Read the records below and report each line in which "mirror" occurs.

((

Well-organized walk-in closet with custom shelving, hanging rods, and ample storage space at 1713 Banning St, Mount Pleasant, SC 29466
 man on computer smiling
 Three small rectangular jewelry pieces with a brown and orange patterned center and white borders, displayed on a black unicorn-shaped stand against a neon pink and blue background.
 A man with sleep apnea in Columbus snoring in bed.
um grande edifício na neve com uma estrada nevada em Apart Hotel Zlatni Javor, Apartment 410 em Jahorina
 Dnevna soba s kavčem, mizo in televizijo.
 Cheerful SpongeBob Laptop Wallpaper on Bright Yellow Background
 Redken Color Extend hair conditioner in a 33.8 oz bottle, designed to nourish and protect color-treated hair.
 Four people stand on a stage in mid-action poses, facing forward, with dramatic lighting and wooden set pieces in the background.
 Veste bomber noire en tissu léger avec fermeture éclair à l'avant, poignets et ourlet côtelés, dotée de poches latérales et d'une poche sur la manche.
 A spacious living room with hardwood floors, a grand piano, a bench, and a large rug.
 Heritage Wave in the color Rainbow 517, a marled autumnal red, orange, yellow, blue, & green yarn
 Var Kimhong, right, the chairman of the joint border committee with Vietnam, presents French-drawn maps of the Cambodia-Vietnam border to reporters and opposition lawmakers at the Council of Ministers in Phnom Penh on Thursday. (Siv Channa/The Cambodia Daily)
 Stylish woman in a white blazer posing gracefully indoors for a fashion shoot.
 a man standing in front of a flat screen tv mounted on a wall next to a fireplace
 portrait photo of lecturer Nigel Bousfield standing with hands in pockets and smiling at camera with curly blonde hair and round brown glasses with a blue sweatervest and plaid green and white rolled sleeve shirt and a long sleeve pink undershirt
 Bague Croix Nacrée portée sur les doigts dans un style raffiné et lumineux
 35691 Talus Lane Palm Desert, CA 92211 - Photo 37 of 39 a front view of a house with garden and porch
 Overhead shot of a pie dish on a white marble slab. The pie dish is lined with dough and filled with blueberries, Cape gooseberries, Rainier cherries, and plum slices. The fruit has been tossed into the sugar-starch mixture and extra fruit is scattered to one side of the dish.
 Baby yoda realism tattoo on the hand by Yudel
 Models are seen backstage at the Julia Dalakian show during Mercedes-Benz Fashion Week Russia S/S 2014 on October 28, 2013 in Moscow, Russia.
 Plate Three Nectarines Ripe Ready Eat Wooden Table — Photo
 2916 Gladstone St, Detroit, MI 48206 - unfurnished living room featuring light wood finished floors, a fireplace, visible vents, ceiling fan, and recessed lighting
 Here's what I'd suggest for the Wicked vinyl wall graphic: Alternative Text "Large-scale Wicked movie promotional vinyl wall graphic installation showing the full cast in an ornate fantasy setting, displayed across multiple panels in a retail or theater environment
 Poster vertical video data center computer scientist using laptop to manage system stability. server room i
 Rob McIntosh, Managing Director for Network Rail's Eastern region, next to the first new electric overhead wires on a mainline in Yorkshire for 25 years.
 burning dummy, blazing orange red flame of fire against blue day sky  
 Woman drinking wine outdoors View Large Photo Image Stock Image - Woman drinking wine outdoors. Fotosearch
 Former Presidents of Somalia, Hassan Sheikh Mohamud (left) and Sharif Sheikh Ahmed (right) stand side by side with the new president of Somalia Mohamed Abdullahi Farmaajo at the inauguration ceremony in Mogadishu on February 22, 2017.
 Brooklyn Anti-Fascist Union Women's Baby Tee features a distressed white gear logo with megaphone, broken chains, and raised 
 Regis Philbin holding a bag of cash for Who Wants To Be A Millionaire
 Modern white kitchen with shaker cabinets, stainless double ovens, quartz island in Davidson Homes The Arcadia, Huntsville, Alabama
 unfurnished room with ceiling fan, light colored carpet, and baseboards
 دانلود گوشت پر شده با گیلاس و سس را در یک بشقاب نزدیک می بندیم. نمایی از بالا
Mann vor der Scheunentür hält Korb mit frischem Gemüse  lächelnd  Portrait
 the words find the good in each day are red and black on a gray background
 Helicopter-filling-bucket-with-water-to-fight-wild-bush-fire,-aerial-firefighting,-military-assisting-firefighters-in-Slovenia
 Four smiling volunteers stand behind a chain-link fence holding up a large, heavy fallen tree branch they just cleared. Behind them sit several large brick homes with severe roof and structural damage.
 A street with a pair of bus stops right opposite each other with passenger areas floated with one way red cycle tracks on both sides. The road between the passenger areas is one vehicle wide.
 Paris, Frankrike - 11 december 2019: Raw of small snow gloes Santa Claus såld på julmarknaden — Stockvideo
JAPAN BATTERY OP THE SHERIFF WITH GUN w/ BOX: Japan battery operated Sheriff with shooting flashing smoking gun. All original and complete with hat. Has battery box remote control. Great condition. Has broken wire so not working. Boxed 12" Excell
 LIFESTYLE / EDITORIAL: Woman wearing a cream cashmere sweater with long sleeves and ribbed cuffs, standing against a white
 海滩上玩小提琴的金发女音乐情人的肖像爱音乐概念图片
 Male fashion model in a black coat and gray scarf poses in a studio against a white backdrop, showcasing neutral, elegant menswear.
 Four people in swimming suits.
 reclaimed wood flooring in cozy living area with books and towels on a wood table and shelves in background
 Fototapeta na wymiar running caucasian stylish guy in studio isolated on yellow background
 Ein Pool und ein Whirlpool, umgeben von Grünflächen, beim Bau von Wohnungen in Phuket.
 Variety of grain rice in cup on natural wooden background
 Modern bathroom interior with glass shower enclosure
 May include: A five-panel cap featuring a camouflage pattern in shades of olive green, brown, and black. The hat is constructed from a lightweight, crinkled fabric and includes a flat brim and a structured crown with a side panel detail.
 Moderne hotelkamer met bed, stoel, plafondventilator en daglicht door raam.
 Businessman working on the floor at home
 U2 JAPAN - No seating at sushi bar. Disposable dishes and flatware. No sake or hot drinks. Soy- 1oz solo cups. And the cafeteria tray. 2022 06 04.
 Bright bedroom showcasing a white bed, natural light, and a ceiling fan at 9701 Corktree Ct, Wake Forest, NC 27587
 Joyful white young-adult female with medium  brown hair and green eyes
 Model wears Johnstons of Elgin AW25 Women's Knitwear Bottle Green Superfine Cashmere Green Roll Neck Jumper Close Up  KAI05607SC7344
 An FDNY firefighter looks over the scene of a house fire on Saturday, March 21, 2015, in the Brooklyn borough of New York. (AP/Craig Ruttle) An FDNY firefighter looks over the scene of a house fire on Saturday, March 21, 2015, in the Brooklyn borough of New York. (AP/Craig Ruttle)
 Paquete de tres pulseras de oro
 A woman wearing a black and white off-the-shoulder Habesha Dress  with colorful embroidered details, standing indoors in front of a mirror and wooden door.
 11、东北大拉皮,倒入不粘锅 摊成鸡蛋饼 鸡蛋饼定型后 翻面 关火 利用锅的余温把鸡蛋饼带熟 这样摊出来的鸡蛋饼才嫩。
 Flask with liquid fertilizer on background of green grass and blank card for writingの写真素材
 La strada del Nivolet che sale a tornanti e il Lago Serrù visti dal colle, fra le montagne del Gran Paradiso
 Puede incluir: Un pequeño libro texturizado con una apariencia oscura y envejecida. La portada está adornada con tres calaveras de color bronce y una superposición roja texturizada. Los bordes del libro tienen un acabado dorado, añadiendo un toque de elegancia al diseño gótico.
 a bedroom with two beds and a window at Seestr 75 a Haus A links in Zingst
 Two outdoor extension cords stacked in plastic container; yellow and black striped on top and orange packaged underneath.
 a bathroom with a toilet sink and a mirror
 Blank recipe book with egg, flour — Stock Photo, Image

))

■ RESPONSE
 A woman wearing a black and white off-the-shoulder Habesha Dress  with colorful embroidered details, standing indoors in front of a mirror and wooden door.
 a bathroom with a toilet sink and a mirror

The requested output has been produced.